TASK → Word-for-word repetition of the records below is needed, but only from the line holding "Adjustable Massage Bottle" through the final line, with pictures excluded.

[Opening EXTRACTED INFORMATION section]

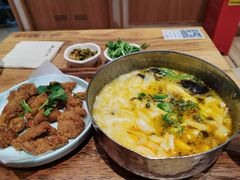 金汤酸菜鱼片手工粉-小满手工粉(上海月星环球港店)
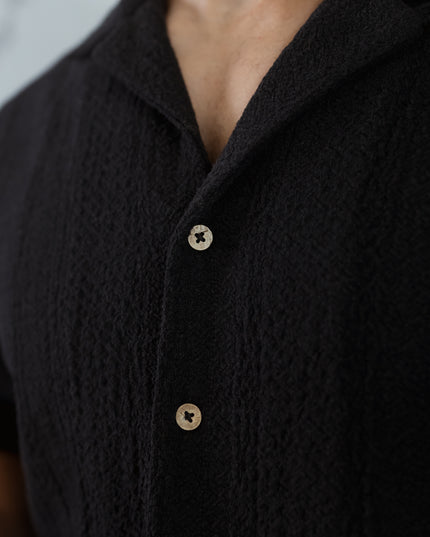 Carbon Dobby Shirt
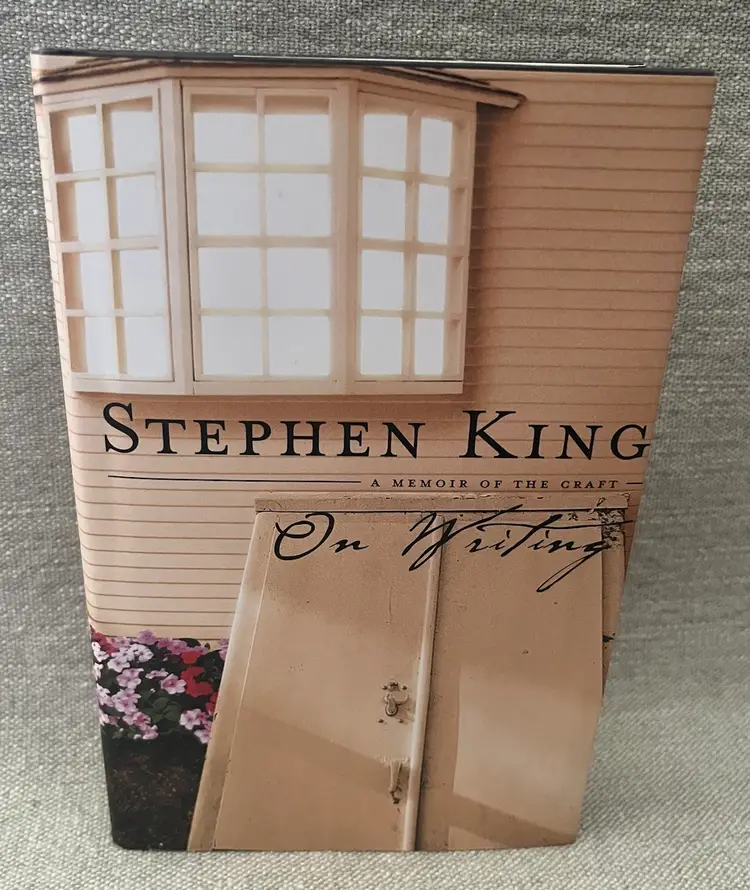 Stephen King On Writing Memoir of the Craft 1st Printing 2000 HCDJ Scribner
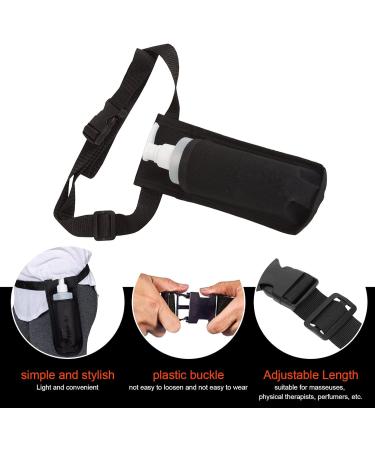 Adjustable Massage Bottle Holster - Portable Waist Carrier for Masseuses & Perfumers | International Shipping - Buy Online on GoSupps.com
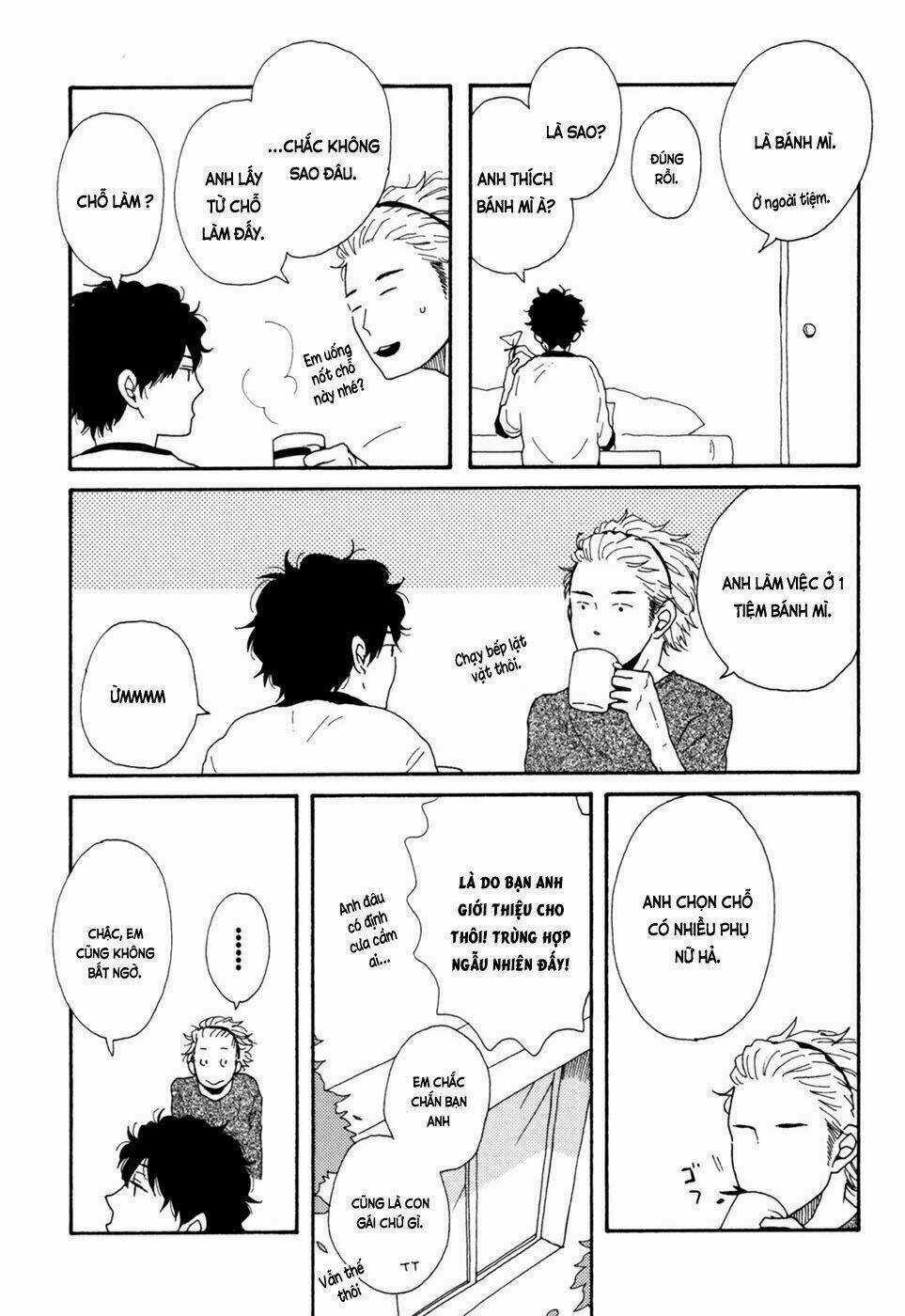 Ai Mo Kawarazu Chapter 3 trang 15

[Closing EXTRACTED INFORMATION section]

EXPECTED ANSWER →
 Adjustable Massage Bottle Holster - Portable Waist Carrier for Masseuses & Perfumers | International Shipping - Buy Online on GoSupps.com
 Ai Mo Kawarazu Chapter 3 trang 15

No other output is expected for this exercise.